HTML::GenerateUtil - Routines useful when generating HTML output


HTML-GenerateUtil documentation Contained in the HTML-GenerateUtil distribution.

Index


Code Index:

NAME

Top

HTML::GenerateUtil - Routines useful when generating HTML output

SYNOPSIS

Top

  use HTML::GenerateUtil qw(escape_html generate_attributes generate_tag escape_uri :consts);

  my $Html = "text < with > things & that need \x{1234} escaping";
  $Html = escape_html($Html);

  ... or ...

  escape_html($Html, EH_INPLACE);

  ... also ...

  my $Attr = generate_attributes({ href => 'http://...', title => 'blah' });
  $Html = "<a $Attr>$Html</a>";

  ... but even better ...

  $Html = generate_tag('a', { href => 'http://...', title => 'blah' }, $Html, 0);

  ... also you might want something like ...

  my $URI = 'http://host/?' . join ";", map { $_ => escape_uri($Params{$_}) } keys %Params;
  $Html = generate_tag('a', { href => $URI }, $Html, 0);

DESCRIPTION

Top

Provides a number of functions that make generating HTML output easier and faster. All written in XS for speed.

CONTEXT

Top

When creating a web application in perl, you've got a couple of main choices on how to actually generate the HTML that gets output:

Your actual application, experience and environment will generally determine which is the best way to.

If you go the programatic route, then you generally need some way of generating the actual HTML output in perl. Again, there's generally a couple of ways of doing this.

The first seems easy, but it gets harder when you have to manually escape each string to avoid placing special HTML chars (eg <, etc) in strings like $text above.

With the CGI, most of this is automatically taken care of, and most strings are automatically escaped to replace special HTML chars with their entity equivalents.

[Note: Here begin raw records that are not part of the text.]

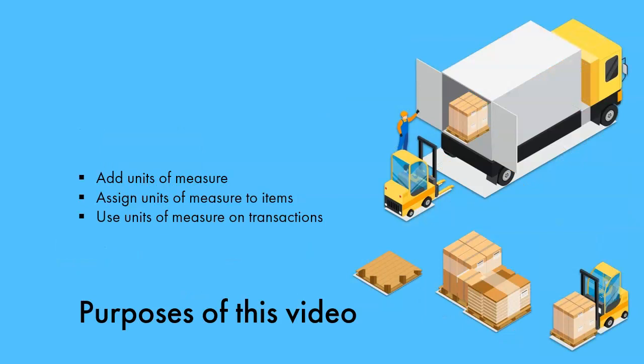Welcome to our video tutorial, Units of Measure, which explains how to establish multiple units of measure for each item in the system.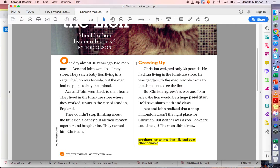This section is called Growing Up. Christian weighed only 30 pounds. He had fun living in the furniture store. He was gentle with the men, and people came to the shop just to see the lion. But Christian grew fast. Ace and John knew the lion would be a huge predator — he'd have sharp teeth and claws. Ace and John realized that a shop in London wasn't the right place for Christian, but neither was a zoo. So where could he go? The men didn't know. Down here there's a glossary that says predator is an animal that kills and eats other animals.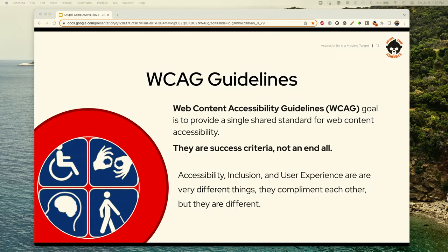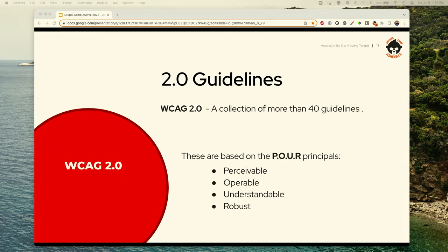Accessibility, inclusion, and user experience are not all the same things—they can be similar but they're very different. WCAG 2.1 is a collection of 40 guidelines that improve usability for all different abilities. They're based on the POUR principles: Perceivable, Operable, Understandable, and Robust.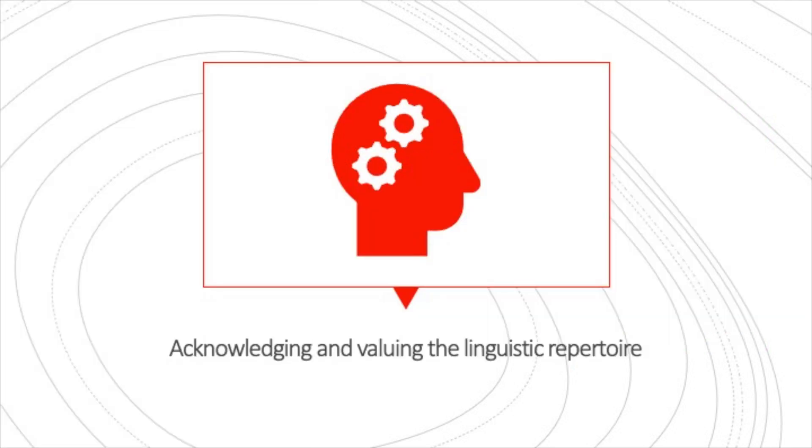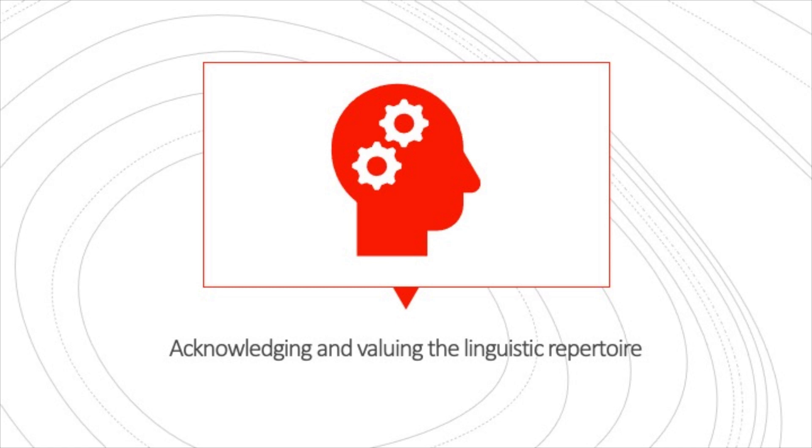What are the key features of translanguaging pedagogy? One of the main characteristics is to acknowledge and value the linguistic repertoires of students who speak more than one language. This approach recognizes that students may have different levels of proficiency in various languages and leverages these skills for learning.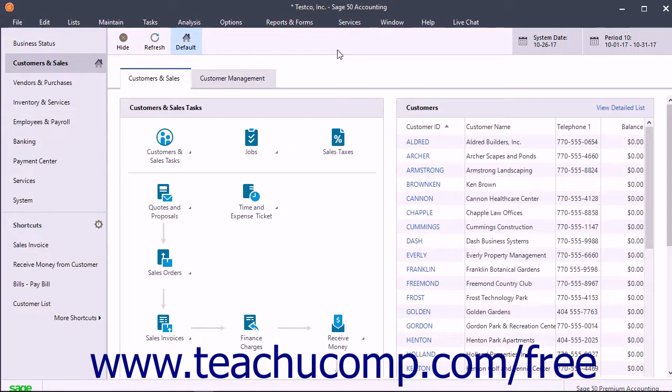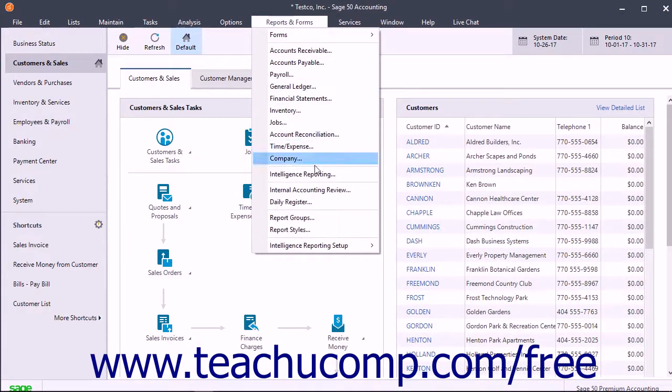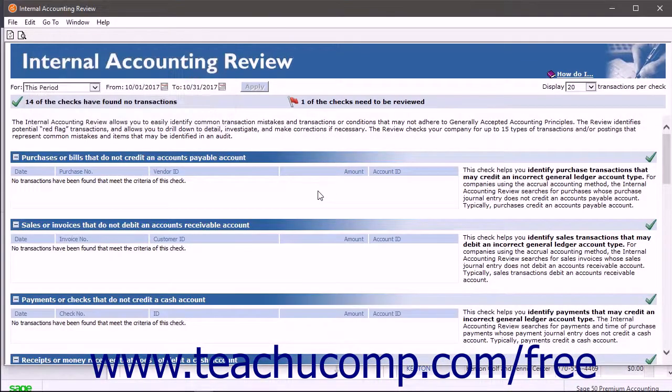To start the Internal Accounting Review, select Reports and Forms – Internal Accounting Review from the menu bar.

While this is nice, CGI is written in pure perl, and can end up being a bit slow, especially if you already have a fast system that generates pages very heavy in tags (eg lots of table elements, links, etc)

That's where this module comes it. It provides functions useful for escaping html and generating HTML tags, but it's all written in XS to be very fast. It's also fully UTF-8 aware.

FUNCTIONS

Top

escape_html($Str [, $Mode ])

Escapes the contents of $Str to change the chars [<>&"] to '&lt;', '&gt;', '&amp;' and '&quot;' repectively.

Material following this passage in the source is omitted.